ZACH: I’ll agree that the actual exorcism is a bit of a letdown. You kind of want something to happen and it never really does. I liked though how Friedkin examined the whole event by seeking out neurosurgeons, psychiatrists and even an archbishop in Los Angeles to discuss what took place and what they could make of it, but at the end of the day, I kind of wanted to hear what he made of the whole thing.
JACK: Yeah, me too. I also didn’t buy the sequence that takes place following the exorcism when Father Amorth, who kind of warrants his own documentary focusing on just his life, has taken ill and Friedkin says he went to Rome to speak with the woman and was attacked in this church by her and her boyfriend while she was allegedly having a demonic episode. Friedkin says he wasn’t able to record the footage and just recounts the incident with cuts and color patterns that seem more similar to an episode of Ghost Adventures rather than from the director of Sorcerer and The Exorcist.
ZACH: I agree that the episode he details is incredibly fishy. That seemed like the interesting moment we all wanted to see and it happened “off camera.” But I think what is compelling about this documentary is the concept of faith and belief, and what putting your belief in something truly means.
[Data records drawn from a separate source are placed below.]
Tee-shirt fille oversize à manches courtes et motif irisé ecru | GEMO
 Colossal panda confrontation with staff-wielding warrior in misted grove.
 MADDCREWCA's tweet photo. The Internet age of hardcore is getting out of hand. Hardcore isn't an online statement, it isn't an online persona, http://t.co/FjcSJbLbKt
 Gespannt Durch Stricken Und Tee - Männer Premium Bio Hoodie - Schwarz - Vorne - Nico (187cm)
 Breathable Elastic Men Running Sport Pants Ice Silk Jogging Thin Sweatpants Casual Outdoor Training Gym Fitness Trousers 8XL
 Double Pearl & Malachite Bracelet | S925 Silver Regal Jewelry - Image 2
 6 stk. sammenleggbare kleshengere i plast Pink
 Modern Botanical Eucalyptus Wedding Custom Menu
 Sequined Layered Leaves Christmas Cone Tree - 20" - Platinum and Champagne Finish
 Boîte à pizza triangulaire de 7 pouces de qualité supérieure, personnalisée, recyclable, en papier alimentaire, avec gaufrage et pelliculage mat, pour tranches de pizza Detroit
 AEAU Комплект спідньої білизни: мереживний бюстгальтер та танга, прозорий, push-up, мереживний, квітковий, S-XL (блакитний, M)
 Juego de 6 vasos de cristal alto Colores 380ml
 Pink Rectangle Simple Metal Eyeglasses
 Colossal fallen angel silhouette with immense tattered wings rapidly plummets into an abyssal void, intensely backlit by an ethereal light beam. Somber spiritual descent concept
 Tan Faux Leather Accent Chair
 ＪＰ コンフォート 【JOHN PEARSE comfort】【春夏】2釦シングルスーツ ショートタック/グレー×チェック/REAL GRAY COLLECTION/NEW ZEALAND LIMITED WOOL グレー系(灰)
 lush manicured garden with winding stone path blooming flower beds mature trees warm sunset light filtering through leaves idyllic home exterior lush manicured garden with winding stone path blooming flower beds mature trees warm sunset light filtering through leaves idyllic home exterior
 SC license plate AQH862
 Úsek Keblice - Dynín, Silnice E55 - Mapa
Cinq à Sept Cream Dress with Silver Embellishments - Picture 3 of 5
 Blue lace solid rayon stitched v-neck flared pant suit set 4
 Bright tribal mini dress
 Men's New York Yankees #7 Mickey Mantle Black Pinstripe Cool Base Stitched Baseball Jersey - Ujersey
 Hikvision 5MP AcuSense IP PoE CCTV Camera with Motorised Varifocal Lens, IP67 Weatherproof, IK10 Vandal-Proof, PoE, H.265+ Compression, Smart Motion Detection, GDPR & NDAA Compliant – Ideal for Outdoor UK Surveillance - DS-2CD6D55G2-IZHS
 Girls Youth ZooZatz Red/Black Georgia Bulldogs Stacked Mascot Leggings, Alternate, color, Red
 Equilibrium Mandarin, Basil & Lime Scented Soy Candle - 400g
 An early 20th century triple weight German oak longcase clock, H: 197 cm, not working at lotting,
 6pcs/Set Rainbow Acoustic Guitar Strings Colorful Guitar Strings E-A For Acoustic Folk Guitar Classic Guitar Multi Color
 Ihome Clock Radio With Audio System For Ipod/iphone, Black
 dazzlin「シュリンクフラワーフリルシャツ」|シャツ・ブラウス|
All of the doctors couldn’t say for certain whether or not this woman suffered from brain damage or a mental illness. It engages with the calming factor of religion and how we cling to our faith to make sense of the unexplained. In a way, Friedkin’s work in this film akins back to the beginnings of film, namely Dziga Vertov’s Man with a Movie Camera, which was a movie I kept thinking about after this one. The camera is this conduit into the surreal, and even though this was a documentary, there was this surrealist element to it. The way this woman thrashes and rages, and the way her family fully puts their faith and belief in Father Amorth and his work seem to work hand-in-hand with how we put our faith in the person with the movie camera to show us something that we may not see anywhere else. I think in a way, the cinema is a religion all its own, and we fall under its allure and its comfort in the face of the uncertainty of life much like these people cling to their religion. That’s just where this movie spoke to me.
JACK: It spoke to you much more eloquently than the possessed woman did.
ZACH: Funny. But in all seriousness, I enjoyed (for the most part) the slate of films that showed at this year’s Chattanooga Film Festival. At the beginning, we mentioned that the theme that we felt ran through most of the films was this idea of distorted reality and after watching all of them, I thought a lot about the role movies play and how they influence our perception of the world around us. It’s curious that this seems to happen most in genre films so that’s probably why we saw so many movies that seemed to fit this mold in a festival filled with an eclectic genre offering.
JACK: Agreed. I didn’t love every movie that we saw, but like you said at the beginning, it is nice to know there’s this specific event in Chattanooga happening and bringing attention to movies that the people there wouldn’t see otherwise.